Puis il a prononcé un message sur les armes nucléaires, attendu avec intérêt par les diplomaties de certains pays comme la France.
Il a d'abord parlé de "l'horreur indescriptible vécue dans leur propre chair par les victimes et leurs familles" où une bombe atomique américaine lâchée le 9 août 1945 a fait 74.000 morts sur le coup et dans les mois suivants.
Le pape doit aussi se rendre en fin de journée à Hiroshima, où avait été larguée trois jours plus tôt une autre bombe nucléaire, qui fit 140.000 morts.
Les deux bombardements précipitèrent la capitulation du Japon le 15 août et la fin de la Seconde Guerre mondiale.
"La possession des armes nucléaires et d'autres armes de destruction massive n'est pas la réponse la plus approprié" à l'aspiration de paix et de stabilité, a attaqué le pape.
"Briser la méfiance"
"Notre monde vit la perverse dichotomie de vouloir défendre et garantir la stabilité et la paix sur la base d'une fausse sécurité soutenue par une mentalité de crainte et de méfiance qui finit par envenimer les relations entre les peuples et empêcher tout dialogue", a-t-il ajouté, démontant l'argumentaire classique de la dissuasion nucléaire.
L'horreur de la guerre et des armes, un cri récurrent de l'Argentin Jorge Bergoglio s'inscrit dans la continuité des papes qui l'ont précédé.
Mais un rejet clair de la théorie de la dissuasion nucléaire constitue une rupture avec le passé. Devant l'ONU en 1982, Jean-Paul II avait défini la dissuasion nucléaire comme un mal nécessaire "dans les conditions actuelles".
Le Saint-Siège a ratifié en 2017 le traité sur l'interdiction des armes nucléaires (TIAN). Voici deux ans, lors d'un symposium au Vatican, François avait condamné "la possession" même d'armes nucléaires ainsi que "la menace de leur usage". Car pour lui, les relations internationales ne peuvent pas être fondées sur les intimidations militaires.
Il faut bâtir une "confiance mutuelle qui brise la dynamique de méfiance qui prévaut actuellement", a-t-il insisté à Nagasaki, où ses propos ont résonné devant des survivants du bombardement.
Dans le parc de la paix, il a aussi salué le fils de l'auteur d'une photo prise à Nagasaki en 1945, montrant un enfant japonais portant sur le dos son petit frère mort.
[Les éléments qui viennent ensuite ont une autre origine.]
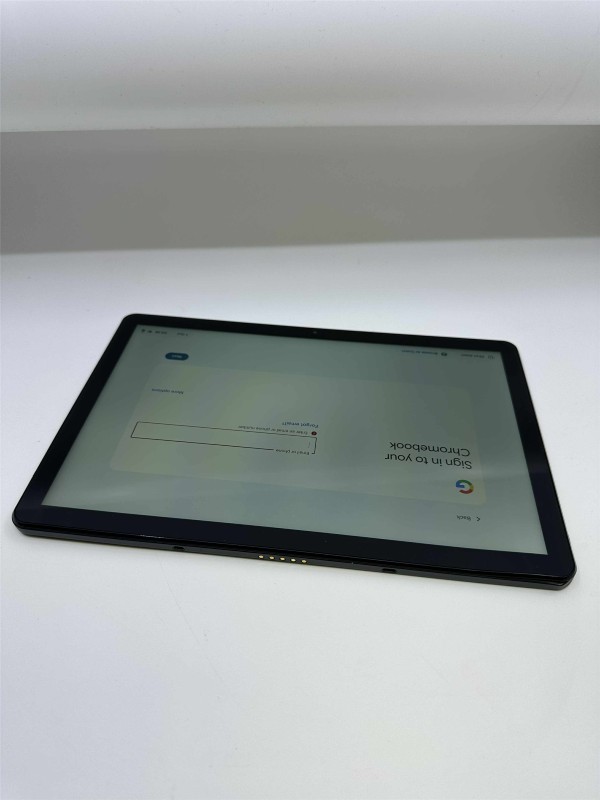Lenovo Chromebook Duet Ct-X636f Black for £59.99 Second Hand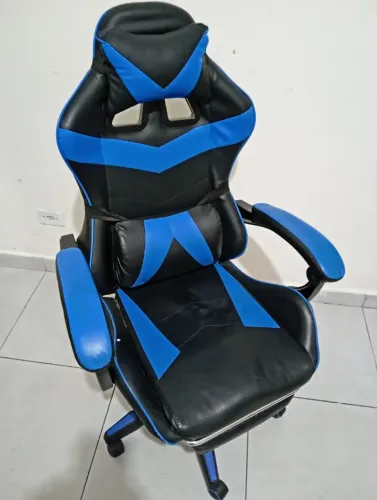 Pc Gamer completo c/ controle de fliperama + Cadeira gamer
Très touché, le pape a déjà distribué dans le passé à des journalistes cette photographie, assortie de quelques mots de sa main: "Le fruit de la guerre".
"Outrage continuel"
Allant plus loin, le pape s'est aussi insurgé contre toute la filière de l'armement: "La fabrication, la modernisation, l'entretien et la vente d'armes toujours plus destructrices sont un outrage continuel qui crie vers le ciel".
En août 2019, la ville de Hiroshima a appelé le Japon à signer le traité de l'ONU sur l'interdiction des armes nucléaires, rejeté par toutes les puissances nucléaires.
Le Japon, doté d'une Constitution pacifiste, s'est par ailleurs donné en 1967 pour principes de "ne pas produire, détenir ou introduire sur son territoire d'armes nucléaires". Reste que le pays dépend du parapluie nucléaire américain pour sa sécurité.
Le chef des 1,3 milliard de catholiques, arrivé la veille à Tokyo après une visite en Thaïlande, est convaincu de l'importance d'encourager les catholiques ultraminoritaires (moins de 0,6% de la population de ces deux Etats).
François rencontrera aussi lundi des victimes du séisme de magnitude 9 survenu au large du nord-est du Japon et du tsunami, qui a tué quelque 18.500 personnes le 11 mars 2011, une catastrophe naturelle suivie par un accident nucléaire à Fukushima. Une éventuelle opinion sur l'utilisation de l'énergie nucléaire, sujet sensible, sera scrutée à cette occasion.